Particular attention must be paid to interior finishing materials, especially on walls and ceilings, and to decorations (streamers, flags, posters, etc.) on them. Those materials are the biggest contributors to a fire's intensity and spread. They can also give off toxic fumes, which is the case with plastics and certain insulating materials which must be properly covered.

Generally, decorations should not be allowed to form an obstacle to the smooth operation of a building's safety systems and rapid evacuation in the event of an emergency. Avoid placing them near an exit, a corridor or heating appliance.

Festive preparations

On festive occasions (Halloween, Christmas, etc.), the use of streamers made of flammable material, crêpe paper for example, is prohibited unless they are sufficiently flame-resistant. Use decorations bearing a seal of approval recognized by the RBQ (CSA, ULC, etc.).

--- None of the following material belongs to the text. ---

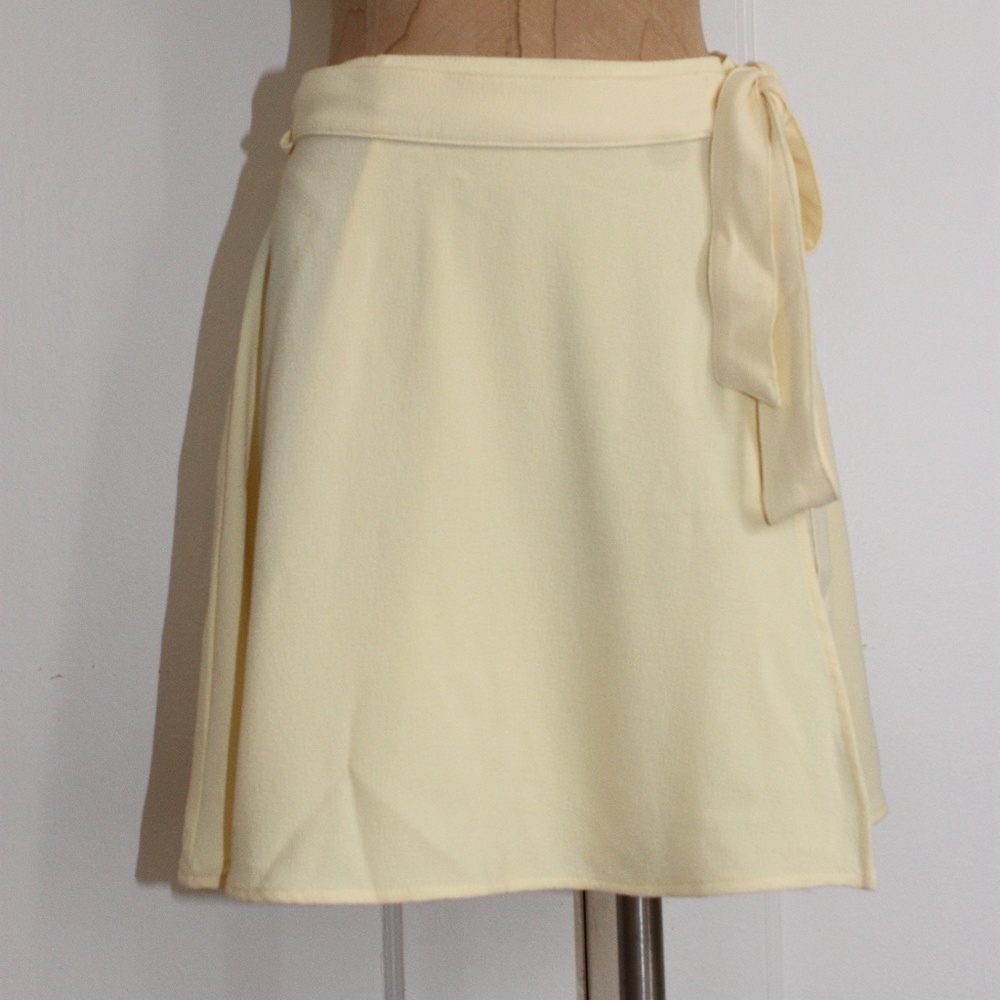 American Apparel Demi Wrap Skirt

Use of coniferous trees (fir, pine, spruce, cedar, etc.) or their branches for Christmas decorations in a public building is prohibited. Never use electric bulbs on an artificial tree made of metal. Do not leave a lighted tree without supervision and take care not to overload the power circuits.

Fire protection systems

Fire protection systems (fire alarms, standpipe and hose system, sprinkler system, portable extinguishers, etc.) must be kept in good operating condition and upgraded in conjunction with alterations made to a building.

Pyrotechnics

Before a show using pyrotechnic effects, a building owner planning to host the event should always check with the municipality's fire department to find out if the use of pyrotechnic material is allowed and under what conditions.